DIRECTIONS FOR THIS TASK – Before copying, set aside the pictures; then restate exactly the lines from the one with "Porsche Macan, снимка 11" through the last line of the records.

MATERIAL FOR THIS EXERCISE –
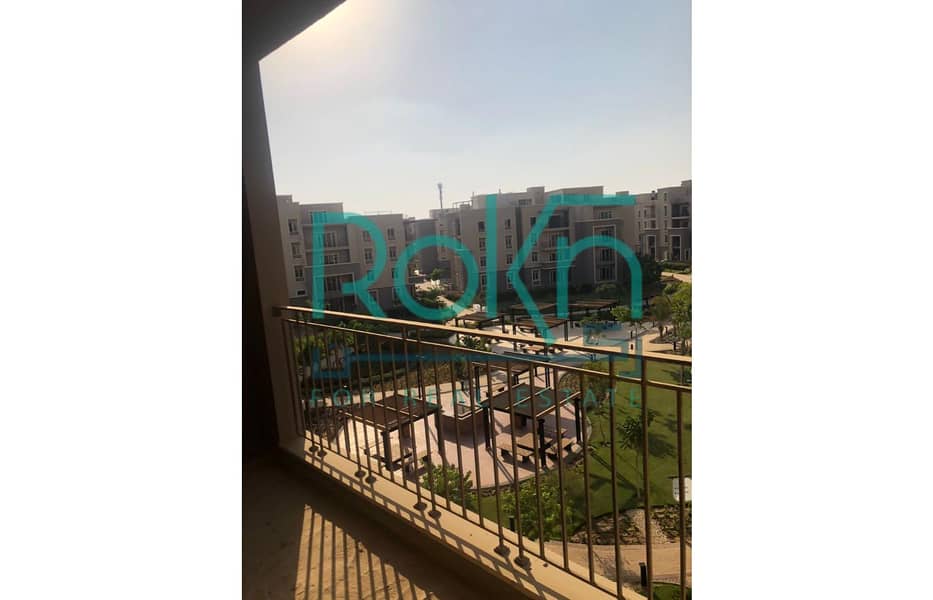 8 WhatsApp Image 2025-12-16 at 4.58. 41 PM (1). jpg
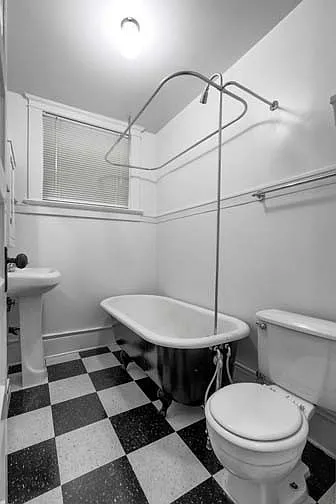 819 NW 23rd Ave — Photo 11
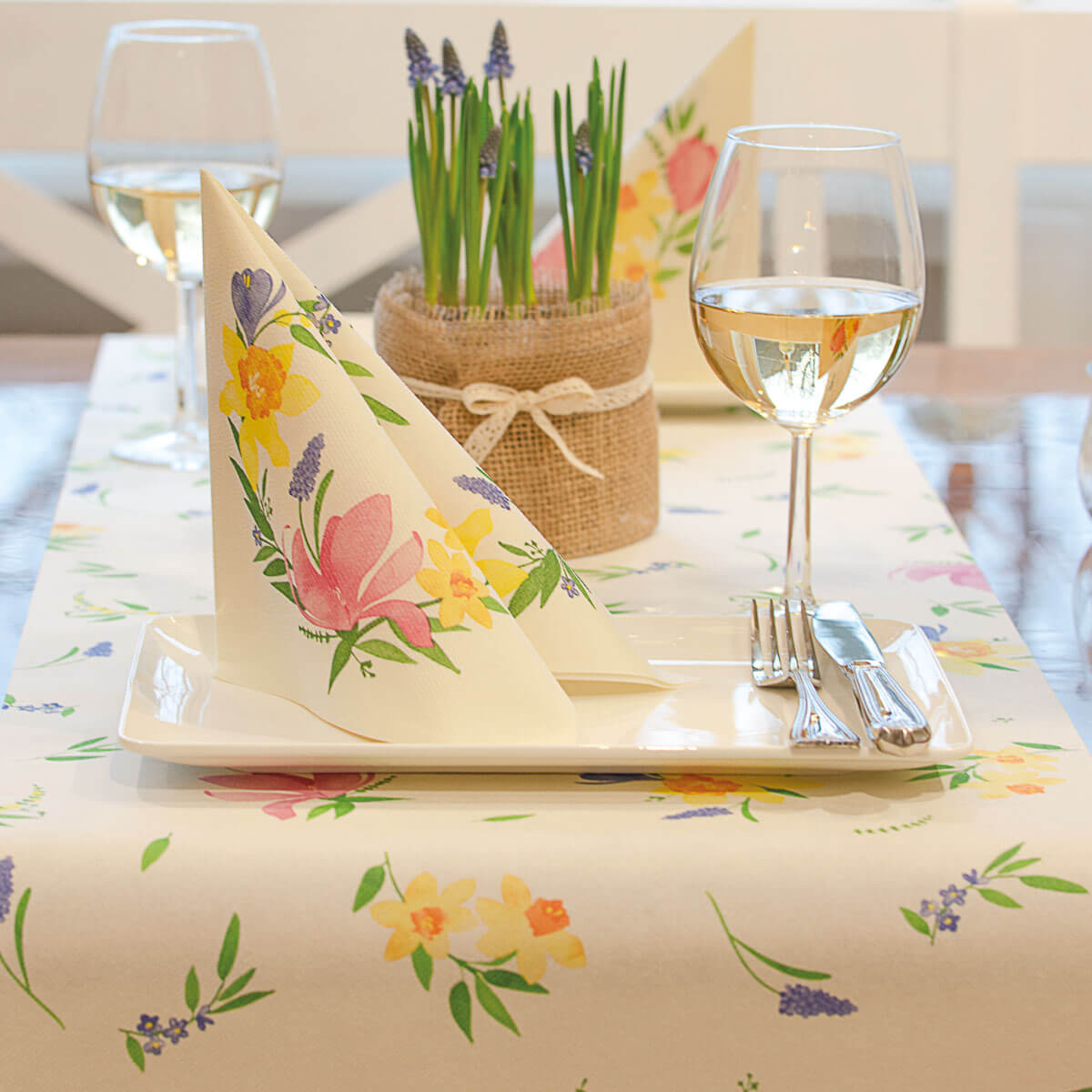 Motivserviette-Laura-im-Einsatz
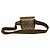 Louis Vuitton Bosphore Waist Monogram Canvas Marrone - vista 2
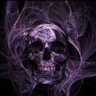 Фото профиля Joe fin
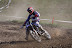 2008_31_08_0204.jpg
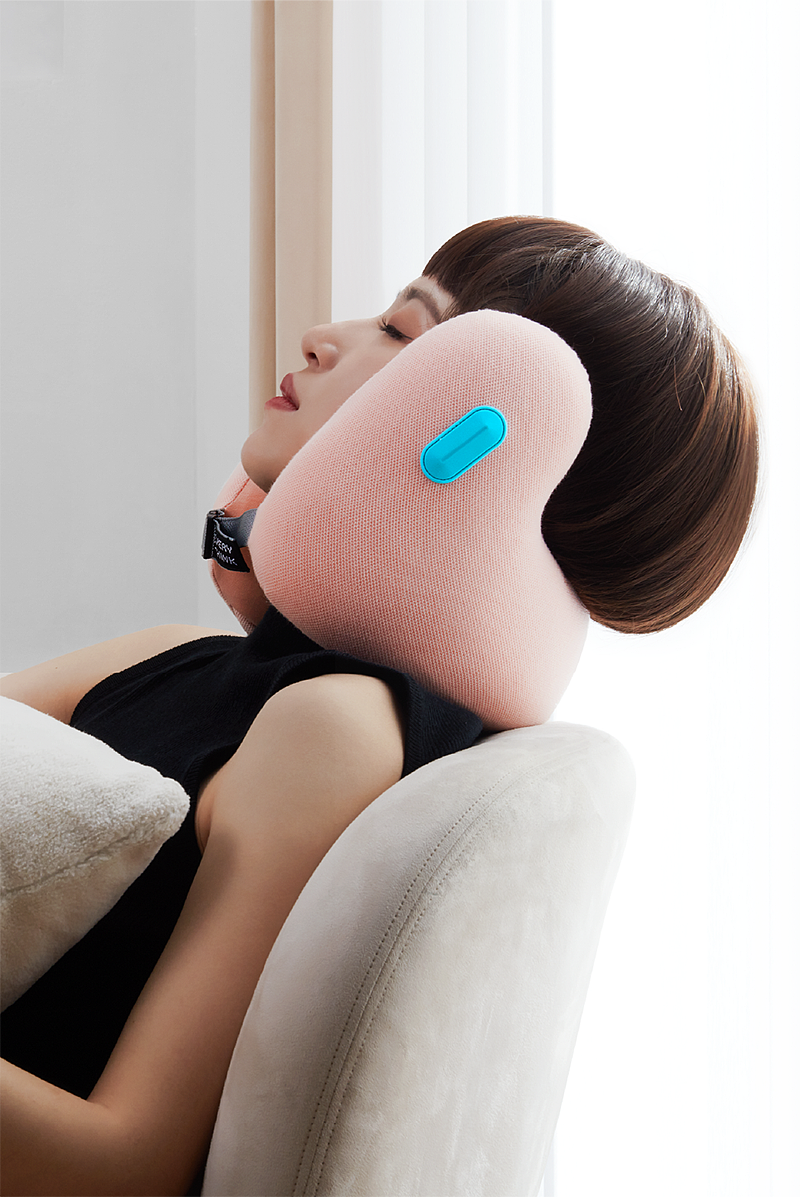 inward，product design，Brand creativity，Brand strategy，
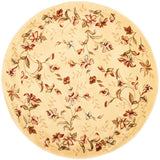 safavieh clearance lyndhurst lnh325a beige rug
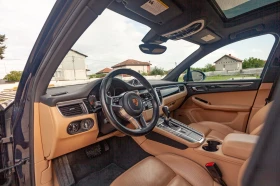 Porsche Macan, снимка 11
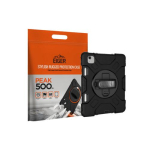 Eiger Peak 500m kaitse&uuml;mbris iPad Air 13''(2024)/Pro 12,9''(2022)
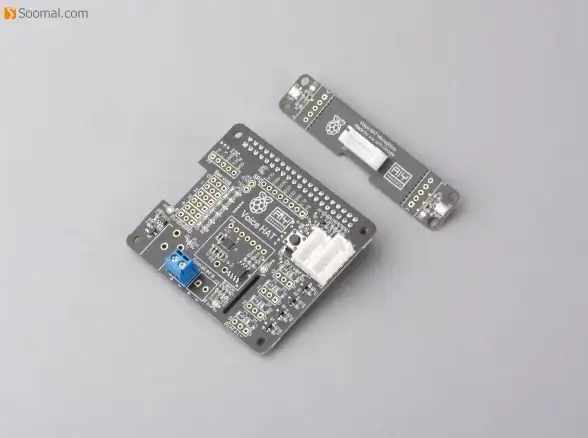 找不到靠谱的谷歌服务安装工具？一键谷歌安装器一键解决所有需求！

REPLY –
 Porsche Macan, снимка 11
 Eiger Peak 500m kaitse&uuml;mbris iPad Air 13''(2024)/Pro 12,9''(2022)
 找不到靠谱的谷歌服务安装工具？一键谷歌安装器一键解决所有需求！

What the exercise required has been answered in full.